Benjamin Matlack Everhart
Benjamin Matlack Everhart (born near West Chester, Pennsylvania, 24 April 1818; died in West Chester, 22 September 1904) was a United States mycologist.
Biography
His father, William Everhart, the son of a Revolutionary soldier, was a merchant, and a member of congress in 1853-55. Benjamin was educated in private schools in West Chester, and spent his early life in mercantile business there and in Charleston, South Carolina, making a comfortable fortune.
From boyhood, he was an ardent student of botany, and after retiring from business in 1867 he devoted himself almost entirely to that science, particularly to cryptogamic botany. In connection with J. B. Ellis, of New Jersey, he was active in issuing yearly fifty volumes, called The Century of North American Fungi, each volume describing 100 species. At the same time, with William A. Kellerman, of Kansas, they published the Journal of Mycology.
He discovered many new fungi.

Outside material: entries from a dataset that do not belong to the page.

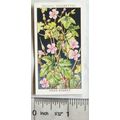 1936 Wills, Wild Flowers No. 15 Herb-Robert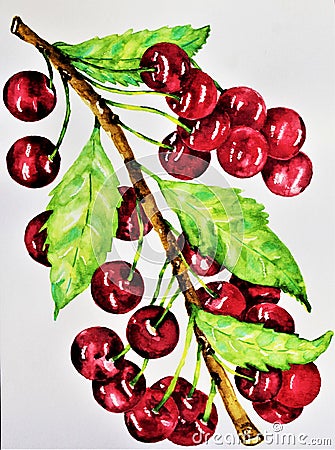 Watercolor painting of fresh organic vibrant red plump cherries Stock Photo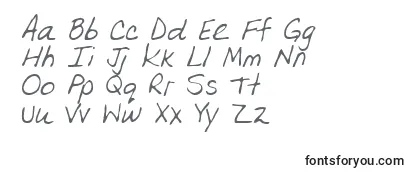OlgaRegular Font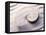 Shell Spiraling into Wavy Sand Pattern-null-Framed Stretched Canvas
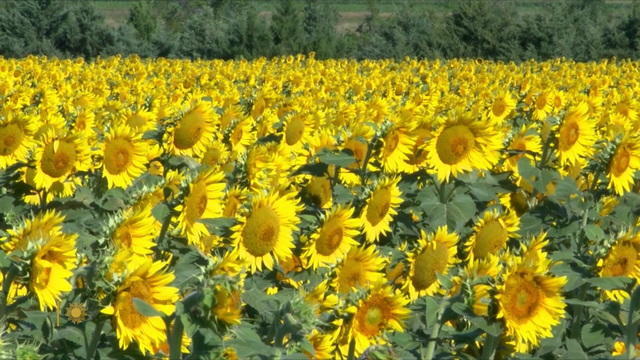 sunflowers-1920-2241879-640x360.jpg 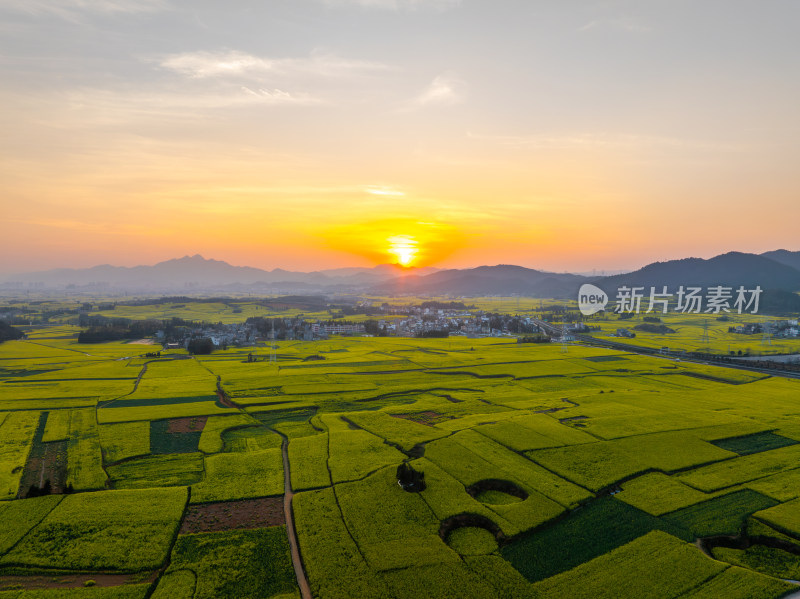 云南罗平油菜花海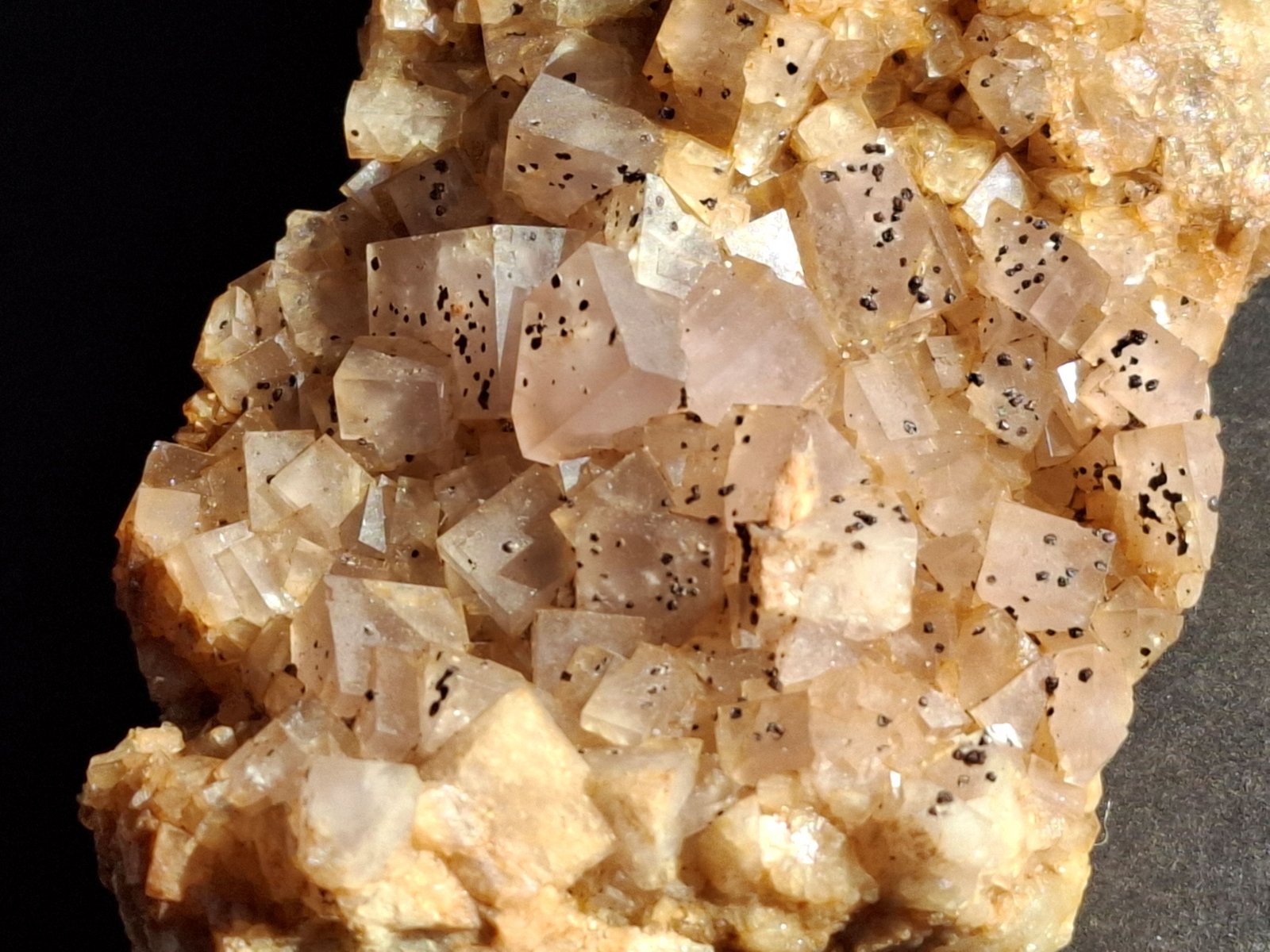 Fluorite, Pyrite
10 x 5,5 cm
(Autor: Volkmar Stingl)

The genus Everhartia was named for him, as well as the following species:
- Everhartia hymenuloides Sacc. et Ellis
- Melanconis Everhartii Ellis
- Myrioccoccum Everhartii Ellis & Sacc.
- Ophionectria Everhartii Ellis & Gal.
- Mucronoporus Everhartii Ellis & Gal.
- Pestalozzia Everhartii Sacc. & Syd.
- Sorosporium Everhartii Ellis & Gal.
- Dothiorella Everhartii Sacc. & Syd.
- Gloeosporium Everhartii Sacc. & Syd.
- Myxosporium Everhartii Sacc. & Syd.
- Phyllosticta Everhartii Sacc. & Syd.
- Physalospora Everhartii Sacc. & Syd.
- Septoria Everhartii Sacc. & Syd.
Family
His brother James Bowen Everhart was a member of congress.
Notes
References
- "Benjamin Matlack Everhart". Journal of Mycology 10: 225. September 1904.
- Attribution
- This article incorporates text from a publication now in the public domain: Wilson, James Grant; Fiske, John, eds. (1900). "Everhart, Benjamin Matlack". Appletons' Cyclopædia of American Biography. New York: D. Appleton.